Mihver orduları, bu arada, Rusya’nın derinliklerine doğru ilerlerken kat ettikleri büyük mesafeler göz önüne alındığında, erzaklarını temin etmekten giderek artan zorluklarla karşı karşıya kalmışlardı. General Hasso von Manteuffel (1897-1978) şöyle ifade etmişti; “Gökler sonsuz görünüyordu, ufuk belirsizdi. Manzaranın monotonluğu, ormanlık, bataklık ve ova alanlarının uçsuz bucaksızlığı bizi bunaltıyordu” (Stone, 146). Yollar kötüydü veya yoktu, köprüler azdı ve aralarında uzun mesafe vardı ve köylerin erzak olarak sunabileceği pek bir şey yoktu. Stalin’in partizanlara mümkün olan her yerde ve her zaman Mihver erzaklarını sabote etme emri nedeniyle Alman lojistik faaliyeti de ciddibir şekilde zorluk yaşıyordu.
Bütün bunların yanında, 1941 yılı sonbaharı son dönemi hava şartları yolları çamurlu hale getirmiş ve böylece lojistik sağlama her iki taraf için de son derece zorlaşmıştı. Hitler açısından daha da kötüsü, Japonya Pasifik üzerine odaklanacak gibi olmasından ve artık SSCB için bir tehdit oluşturmayacağından, Stalin, Sibirya ve Doğu Rusya’dan cepheye yeni birlikler getirebilmişti.
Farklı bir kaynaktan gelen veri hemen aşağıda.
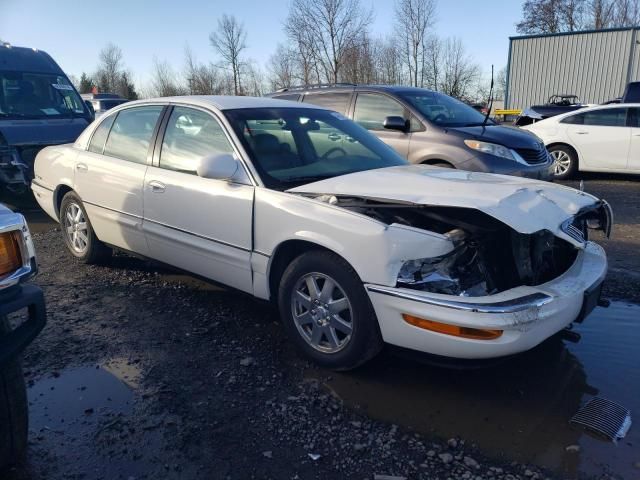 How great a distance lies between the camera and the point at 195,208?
149 inches

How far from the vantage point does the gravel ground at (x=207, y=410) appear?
241cm

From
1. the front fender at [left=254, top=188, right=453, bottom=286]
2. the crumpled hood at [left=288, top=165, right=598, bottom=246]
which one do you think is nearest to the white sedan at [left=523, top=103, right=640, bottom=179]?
the crumpled hood at [left=288, top=165, right=598, bottom=246]

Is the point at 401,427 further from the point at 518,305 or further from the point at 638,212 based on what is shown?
the point at 638,212

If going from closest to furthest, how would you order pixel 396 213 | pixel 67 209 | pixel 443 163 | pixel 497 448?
pixel 497 448 → pixel 396 213 → pixel 67 209 → pixel 443 163

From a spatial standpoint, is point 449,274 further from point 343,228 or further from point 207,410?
point 207,410

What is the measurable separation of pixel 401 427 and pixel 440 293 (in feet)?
2.34

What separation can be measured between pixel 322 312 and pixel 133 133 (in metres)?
2.52

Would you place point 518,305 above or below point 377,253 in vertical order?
below

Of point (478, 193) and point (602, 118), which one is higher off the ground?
point (602, 118)

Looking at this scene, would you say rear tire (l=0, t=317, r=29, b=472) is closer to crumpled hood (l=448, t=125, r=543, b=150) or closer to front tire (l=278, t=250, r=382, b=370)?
front tire (l=278, t=250, r=382, b=370)

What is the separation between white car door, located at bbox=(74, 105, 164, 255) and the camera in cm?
432

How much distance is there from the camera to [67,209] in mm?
5219

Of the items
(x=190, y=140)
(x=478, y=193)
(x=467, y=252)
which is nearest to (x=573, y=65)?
(x=190, y=140)

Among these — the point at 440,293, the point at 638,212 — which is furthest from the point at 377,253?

Moskova tehdit altında kalmaya devam etmişti, ancak önemli diğer bir konu, Stalin’in Moskova’da kalması ve bütün şehrin bir kale haline getirme çağrısında bulunması olmuştu. Moskova’nın savunma harekâtına, kaynaklarını büyük bir saldırı için bir araya getiren General Zhukov komuta etmişti.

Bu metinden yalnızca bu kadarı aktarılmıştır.